Helping to transport proteins inside the cell

This microscopic image shows mitochondria in a yeast cell that are marked with fluorescent dye. Credit Image: Lukasz Opaliski, Becker research lab

Mitochondria are not only responsible for many vital processes within a cell; they also produce energy for the cell's metabolism, which is why they are referred to as the cell's power stations.

When defects occur in their biogenesis and function, this can cause serious diseases in the central nervous system or the heart. In order to function properly, mitochondria are dependent on roughly 1,000 different kinds of proteins, which are imported from the cytosol, the fluid inside the cell.

The ribosomes inside this fluid are the cell's protein factories that also produce precursor forms of proteins for the mitochondria. These precursor proteins are then escorted by molecular chaperones from the ribosomes to the mitochondria. Chaperone proteins promote folding of other proteins into their three-dimensional structures.

Since the cellular content of chaperones is increased upon heat stress these proteins also termed heat shock proteins (Hsps). The Hsp70 chaperone is especially important for chaperoning precursor proteins into mitochondria.

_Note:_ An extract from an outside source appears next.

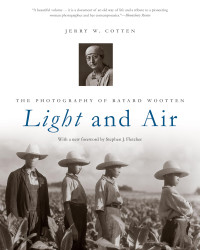 Jerry W. Cotten — Light and Air: The Photography of Bayard Wootten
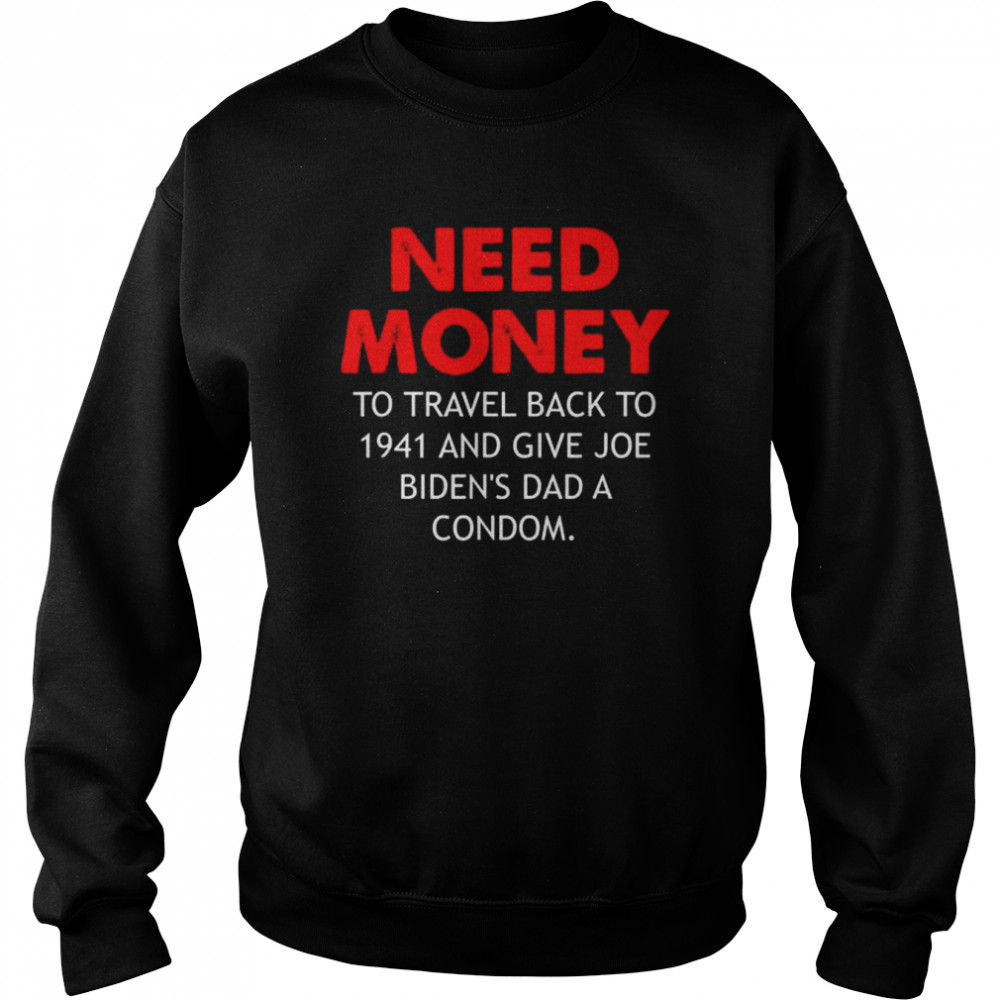Need money to travel back to 1941 anti biden shirt Unisex Sweatshirt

The translocases of the outer mitochondrial membrane (TOM complex) forms the entry gate for almost all mitochondrial precursor proteins.

Specific receptor proteins like Tom22 and Tom70 recognize the incoming precursor proteins. How the precursors are transferred from the cytosolic chaperones to specific TOM receptors remained largely unknown.

Researchers from the collaborative research center “Functional Specificity by Coupling and Modification of Proteins”, the research training group “Transport Across and Into Membranes”, and the cluster of excellence BIOSS Centre for Biological Signalling Studies at the University of Freiburg teamed up to study the role of J-proteins, which are helpers of the Hsp70 chaperones, in the transport of proteins to the mitochondria.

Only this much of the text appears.